Kandungan zat terlarang ini sangat berisiko memicu gangguan kesehatan serius mulai dari iritasi kulit hingga kerusakan organ tubuh. Penggunaan dalam jangka waktu lama bahkan dapat meningkatkan risiko penyakit kanker bagi para pemakainya.

Metode Pengecekan Keamanan Skincare melalui BPOM

Masyarakat dapat memastikan keamanan produk skincare dengan melakukan pengecekan secara mandiri melalui situs resmi BPOM di alamat cekbpom.pom.go.id.
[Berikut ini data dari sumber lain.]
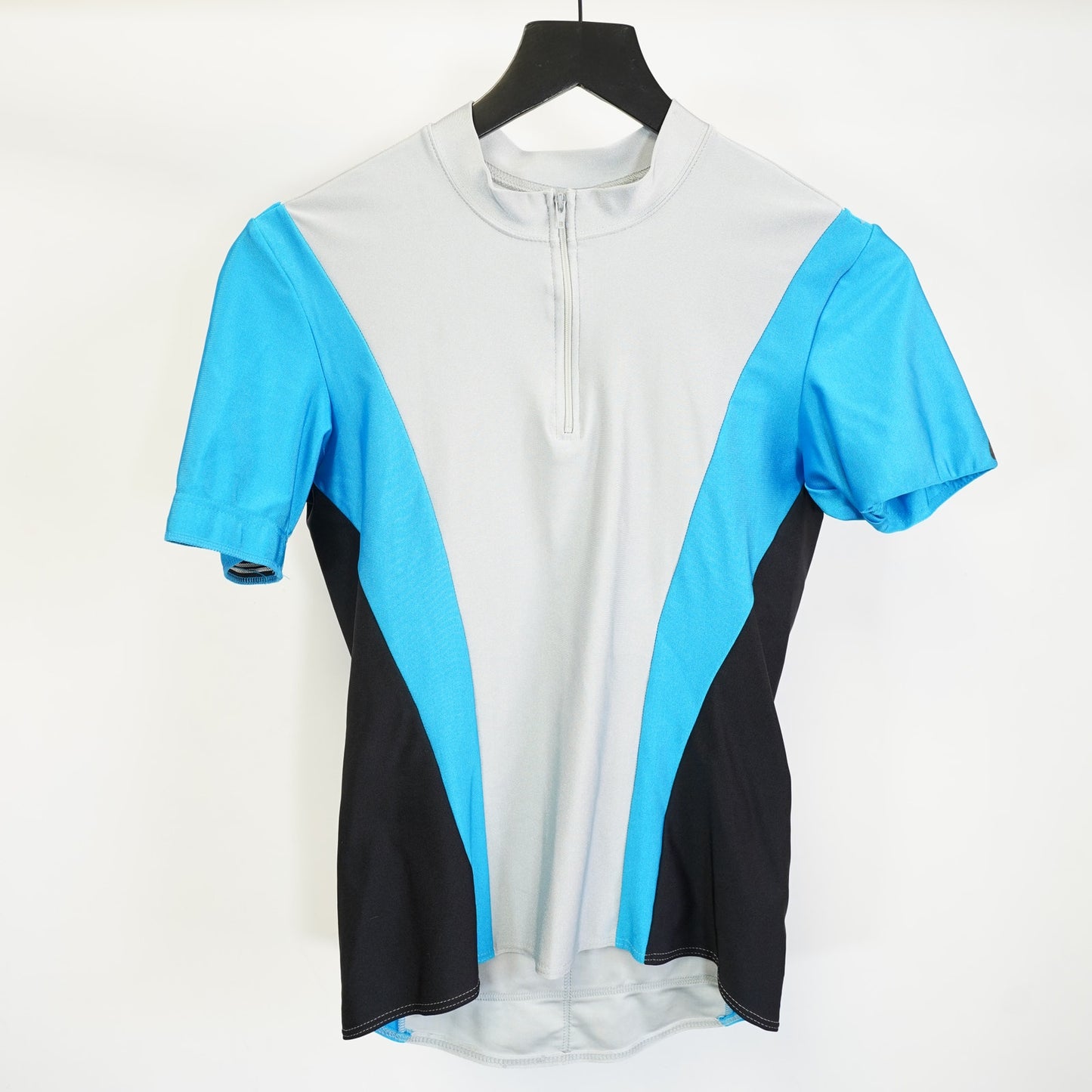 (S) Vintage 80s Nike Blue Label 1984-88 Cycling Jersey Size S Made in USA Gray Blue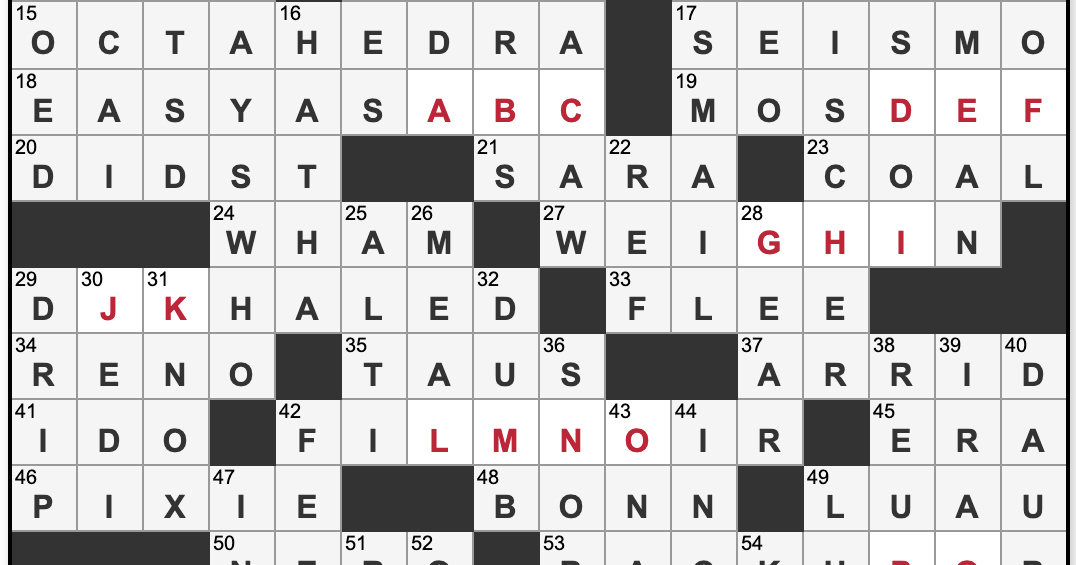 Eugene Sheffer Crossword Puzzle Printable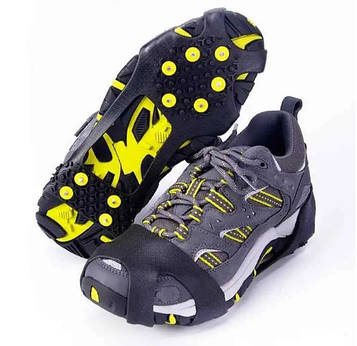 Льодоступи, Кішки з 10 шипами, антиковзні накладки Жовті 1200101.PeremogaUA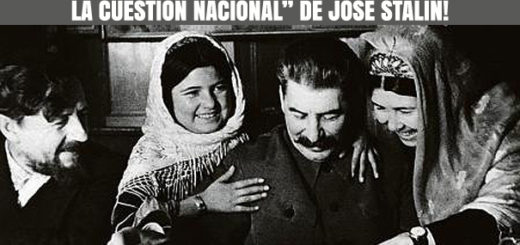 ¡Estudiemos “Cómo entiende la socialdemocracia la cuestión nacional” de José Stalin!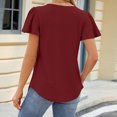 thumbnail image 3 of Kayannuo Hauts à Manches Courtes pour Femmes Liquidation T-Shirts Graphiques Femmes Saint-Valentin Blouse d'Été Décontractée Manches Courtes Col en V Ourlet Incurvé Tunique Ample T-shirt Blouse, 3 of 4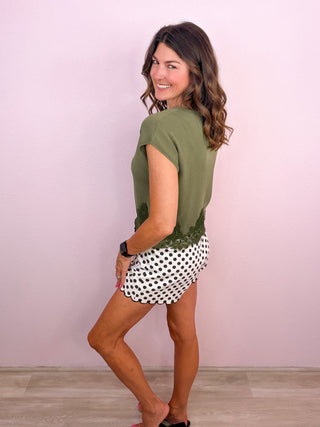 Effortless Class Top (Olive)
Pengguna cukup mengakses kolom pencarian, lalu memasukkan data seperti nama merek, nomor izin edar, atau nama perusahaan pendaftar.

Selain melalui laman web, proses verifikasi produk juga dapat dilakukan dengan praktis menggunakan aplikasi seluler "Cek BPOM" atau "BPOM Mobile". Aplikasi tersebut sudah tersedia dan dapat diunduh secara gratis melalui Google Play Store maupun App Store.

Daftar Produk Kosmetik yang Ditarik dari Peredaran

Berikut adalah daftar beberapa produk kosmetik yang ditarik oleh BPOM karena terbukti mengandung bahan berbahaya atau tidak memiliki izin edar resmi. Data ini mencakup nama produk beserta jenis kandungan berbahaya yang ditemukan oleh petugas pengawas.

Nama Produk Kandungan Berbahaya
BYOUT SKINCARE Brightening Spot Cream Hidrokinon dan Asam Retinoat
BRASOV Nail Polish No.125 Pewarna Merah K10
LT BEAUTY SKIN WSC 2 in 1 Merkuri
MADAME GIE Madame Take5 01 Pewarna Merah K10
SELSUN 7 Herbal Cemaran 1,4-dioksan (melebihi batas)
SELSUN 7 Flowers Cemaran 1,4-dioksan (melebihi batas)
TZUYU SKIN CARE Day Cream Protection Deksametason
TZUYU SKIN CARE Glow Expert Night Cream Deksametason
BEAUTYWISE Rejuvenating Facial Toner Tanpa izin edar, Hidrokinon, Asam Retinoat
MONESIA APOTHECARY Melano Glow Duo Night Cream Hidrokinon dan Asam Retinoat
MONESIA APOTHECARY Night Melano Cream Hidrokinon dan Asam Retinoat

Himbauan Keamanan dari Pihak Berwenang

Kepala BPOM, Taruna Ikrar, mengingatkan masyarakat untuk selalu waspada dan teliti sebelum memutuskan untuk membeli atau menggunakan produk perawatan kulit. Memastikan adanya nomor izin edar resmi merupakan langkah proteksi dini yang sangat penting bagi setiap konsumen.

Konsumen juga diharapkan tidak mudah tergiur dengan produk yang menjanjikan hasil instan seperti kulit putih dalam waktu yang sangat singkat. Klaim yang tidak masuk akal tersebut seringkali menjadi indikasi adanya bahan kimia keras yang merusak jaringan kulit.

Dampak buruk dari pemakaian kosmetik ilegal tidak terbatas pada masalah kulit luar, namun bisa berakibat fatal pada fungsi ginjal. Oleh karena itu, edukasi mengenai cara verifikasi produk menjadi kunci utama dalam menghindari bahaya skincare yang tidak terjamin keamanannya.